In that regard, the arrival of editor Jim O'Shea from Chicago was a real setback. Early on he told Nikki Finke in an interview that he and Hiller had casually talked about whether to give him the editorial pages (as is the practice at the Tribune in Chicago) but Jim said no thanks, I have enough on my plate as it is. So much for our push to convince readers that this separation was a matter of principle rather than the editor's whim.
I realize this may all sound like an attempt on my part to change the subject du jour by trying to raise a competing ethics issue, but these are not unrelated subjects. One real ethics issue - the determined effort by some in the newsroom to undermine the autonomy of editorial page - helps explain the gross exaggeration of the other - an invitation from time to time by said autonomous opinion pages to have notable personalities like Brian Grazer and Donald Rumsfeld edit 5 articles, regardless of who their damned publicists are. I think the desire to blend opinion with news is the far bigger breach, but I'm guessing the Henry Weinsteins and Tim Ruttens of the world will continue to conjure up the magical words "Staples Center" to wail against any innovation at the paper, and confusing the hundreds of thousands of readers of the LAT who don't read LA Observed - sorry, Kevin - into believing that Grazergate somehow implied an improper blending of the newspaper's business side and editorial judgment, which it patently did not.
Strong leadership at the paper would have acted on its conclusion that the Grazer decision raised an appearance problem but was not an improper one by disclosing the eyebrow-raising relationship instead of panicking, killing the section, and thereby suggesting to our hundreds of thousands of readers who don't follow these things too closely that the paper has engaged in another Staples Center-like disaster.
Trouble is, O'Shea and Hiller are like military governors sent off to the far reaches of the empire to put down the latest uprising by the imperial subjects, and they have such a tenuous hold on the place, living in fear that they will get macheted down themselves, they caved to a disgruntled newsroom that is annoyed at Chicago, annoyed at them and annoyed at the autonomy of the opinion pages.
And speaking of being annoyed at Chicago, you were also correct in noting in your post that I was not sure I could live with the next round of cuts being asked of me, and the absurd exercise of cutting Current and trying to determine which day it should run on the basis of how many tens of thousands of dollars in color ads would be impacted.
But I really don't want to change the subject. Let's stick with journalistic ethics for the moment.
Comments? Email me.
* Martinez adds: In email this morning...

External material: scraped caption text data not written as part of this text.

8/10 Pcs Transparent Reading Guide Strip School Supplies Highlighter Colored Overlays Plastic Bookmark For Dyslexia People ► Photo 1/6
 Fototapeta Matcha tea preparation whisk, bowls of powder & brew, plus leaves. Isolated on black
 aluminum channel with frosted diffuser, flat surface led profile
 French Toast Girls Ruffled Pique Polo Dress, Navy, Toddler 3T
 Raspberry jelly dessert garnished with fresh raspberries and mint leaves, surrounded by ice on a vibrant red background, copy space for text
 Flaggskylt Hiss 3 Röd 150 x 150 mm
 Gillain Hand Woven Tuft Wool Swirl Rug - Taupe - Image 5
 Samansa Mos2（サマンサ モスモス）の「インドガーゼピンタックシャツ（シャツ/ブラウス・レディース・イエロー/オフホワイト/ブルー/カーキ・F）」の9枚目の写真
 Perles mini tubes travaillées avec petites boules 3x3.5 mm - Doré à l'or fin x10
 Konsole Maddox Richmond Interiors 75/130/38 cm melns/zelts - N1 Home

Jim O'Shea is sure loving this Grazergate. That's the impression I get from reading my old paper this morning. You have the spectacle of an editor widely perceived to be in way over his head wrapping himself in sanctimony, advancing the newsroom's goal of undercutting the opinion pages' autonomy, all in an effort to gain desperately needed stature with his troops in advance of having to do what Chicago sent him to do -- cut some $7.5 million from editorial payroll in next few weeks (on top of plenty of other stuff they will have to cut). The disgruntled news staff is cheering him on as he leads the charge to storm the editorial page and bring it back into lockstep with newsroom, but pretty soon they will remember why those pictures of Dean are still up on their walls and what Jim's mission here really is. With any luck for him, the second floor witch hunt can prove so time-consuming he can get a delay on those firings.